§ **What the task asks**: Skip every picture, then write out exactly the lines of the listing below from the line that contains "IDROBASE TEAM" through the final line.

§ **Data for this task**:
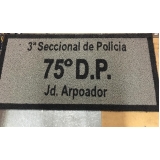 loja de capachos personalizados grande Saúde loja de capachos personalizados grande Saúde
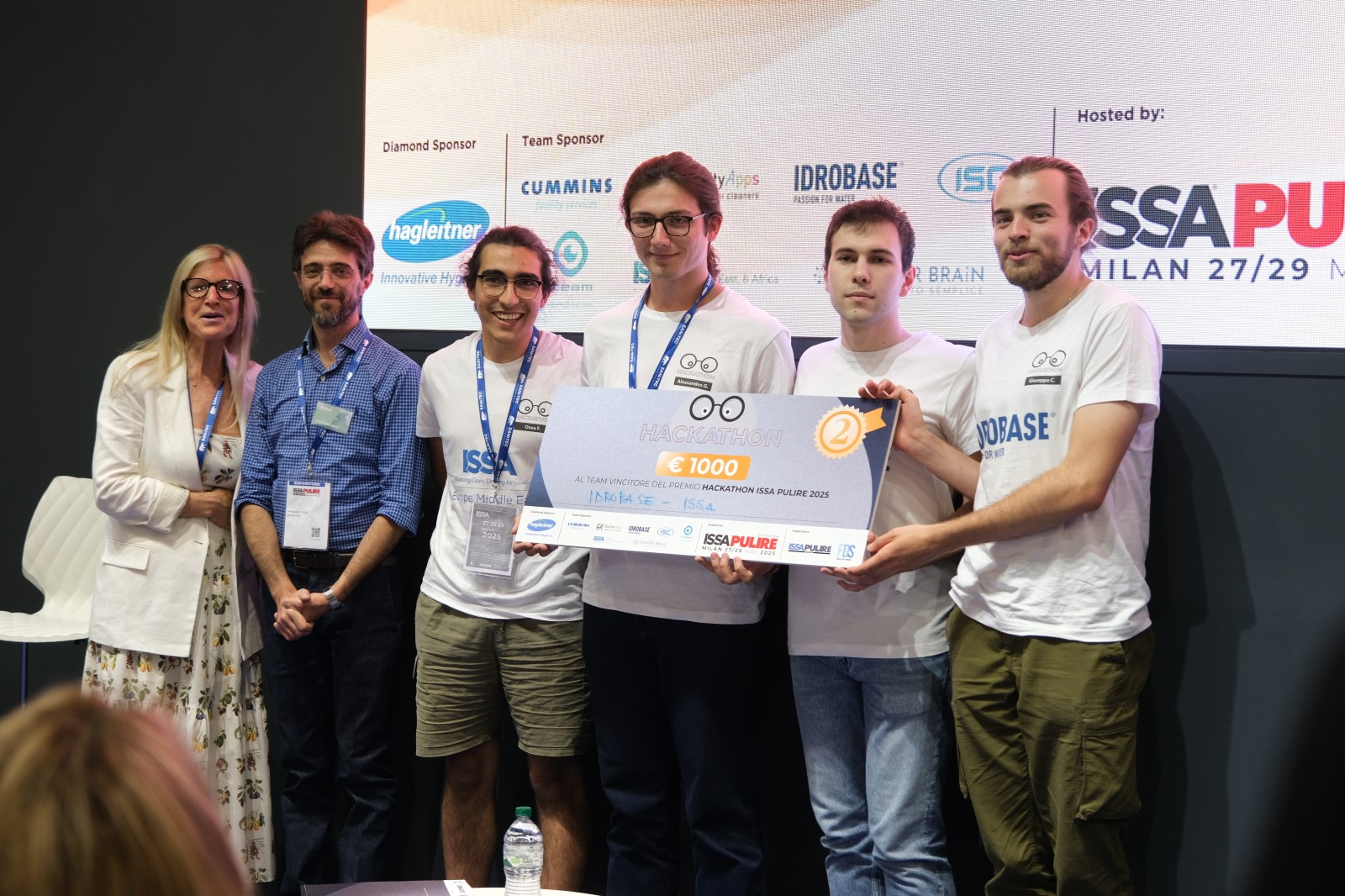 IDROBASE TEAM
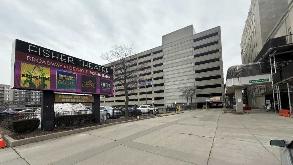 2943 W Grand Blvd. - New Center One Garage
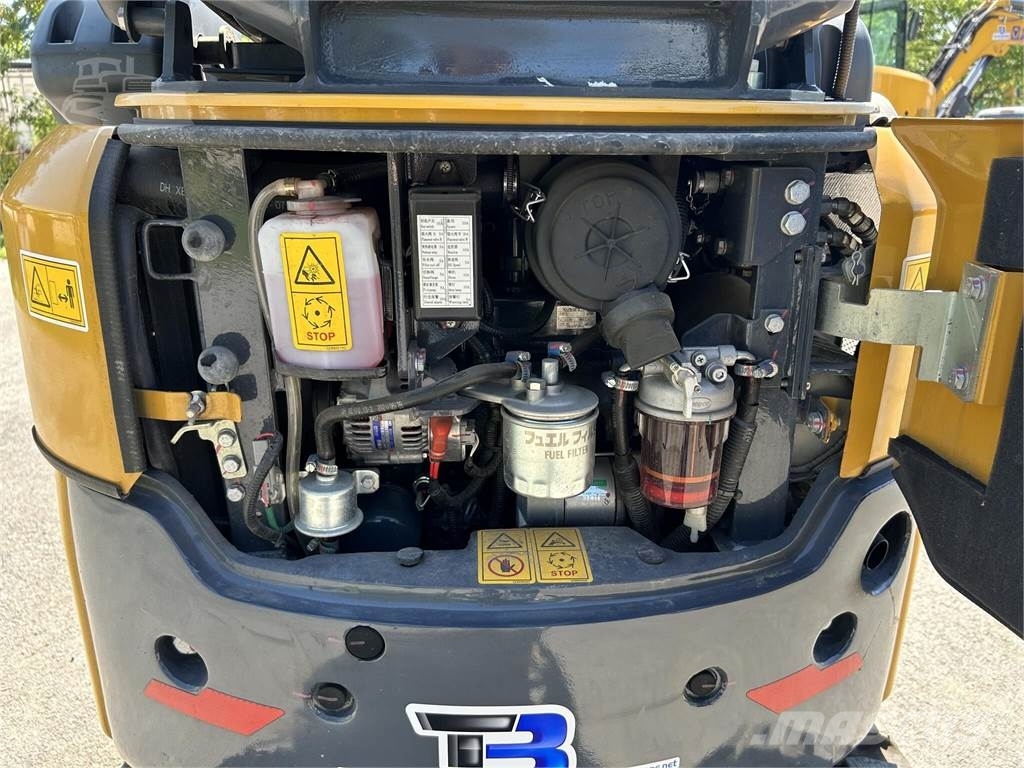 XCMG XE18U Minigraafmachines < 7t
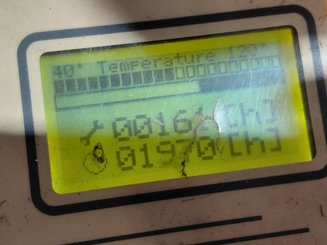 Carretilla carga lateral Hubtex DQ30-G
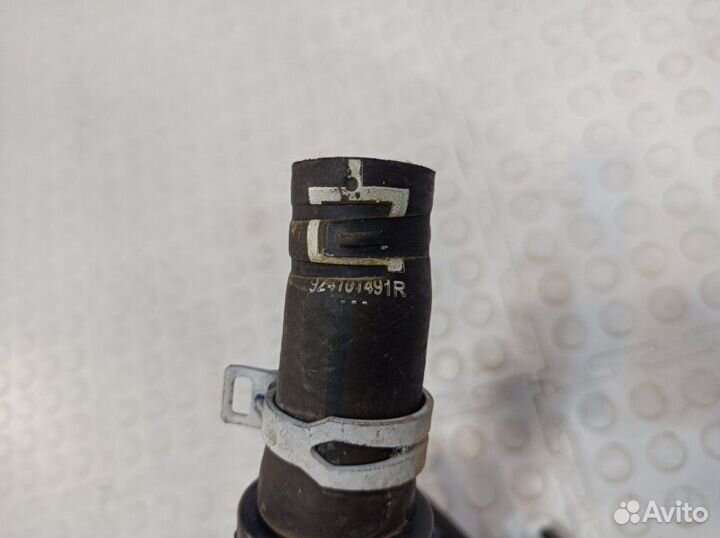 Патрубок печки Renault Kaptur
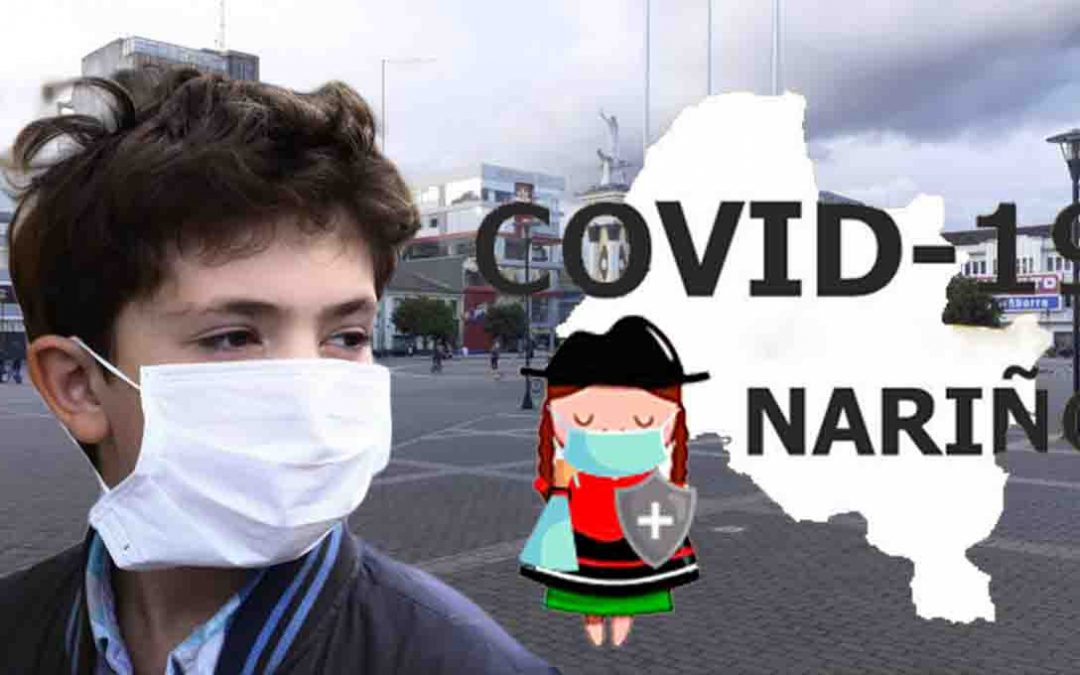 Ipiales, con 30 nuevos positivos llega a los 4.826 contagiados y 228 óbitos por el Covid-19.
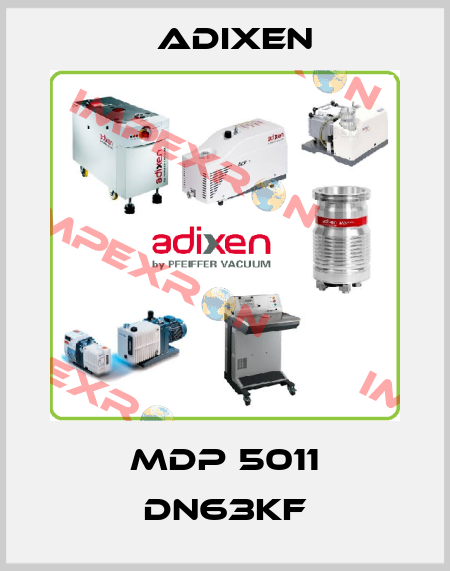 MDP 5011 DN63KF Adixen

§ **Result for this exercise**:
 IDROBASE TEAM
 2943 W Grand Blvd. - New Center One Garage
 XCMG XE18U Minigraafmachines < 7t
 Carretilla carga lateral Hubtex DQ30-G
 Патрубок печки Renault Kaptur
 Ipiales, con 30 nuevos positivos llega a los 4.826 contagiados y 228 óbitos por el Covid-19.
 MDP 5011 DN63KF Adixen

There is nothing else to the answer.